▸ **Problem details**
Pull every line containing the word "have" out of the material below.

━━━━━ Dataset excerpts ━━━━━

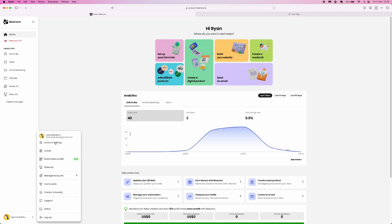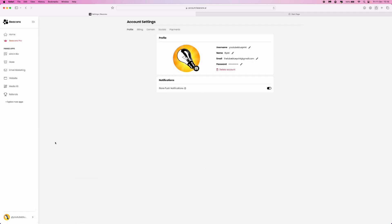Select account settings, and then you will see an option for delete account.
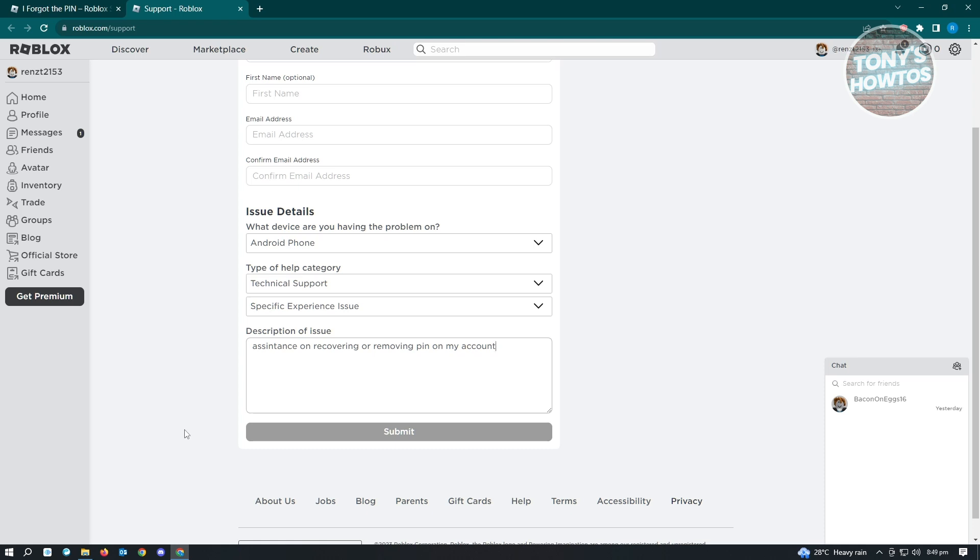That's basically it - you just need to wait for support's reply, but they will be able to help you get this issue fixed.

━━━━━
━━━━━ Dataset excerpts ━━━━━

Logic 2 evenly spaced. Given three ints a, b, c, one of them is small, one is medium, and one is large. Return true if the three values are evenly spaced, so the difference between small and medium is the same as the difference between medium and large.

━━━━━
━━━━━ Dataset excerpts ━━━━━

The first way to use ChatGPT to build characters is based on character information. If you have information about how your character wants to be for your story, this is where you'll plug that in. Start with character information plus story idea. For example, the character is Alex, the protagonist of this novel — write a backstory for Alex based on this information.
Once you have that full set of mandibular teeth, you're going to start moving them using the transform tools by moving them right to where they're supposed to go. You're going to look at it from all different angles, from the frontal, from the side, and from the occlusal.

━━━━━

▸ **Your response**
The first way to use ChatGPT to build characters is based on character information. If you have information about how your character wants to be for your story, this is where you'll plug that in. Start with character information plus story idea. For example, the character is Alex, the protagonist of this novel — write a backstory for Alex based on this information.
Once you have that full set of mandibular teeth, you're going to start moving them using the transform tools by moving them right to where they're supposed to go. You're going to look at it from all different angles, from the frontal, from the side, and from the occlusal.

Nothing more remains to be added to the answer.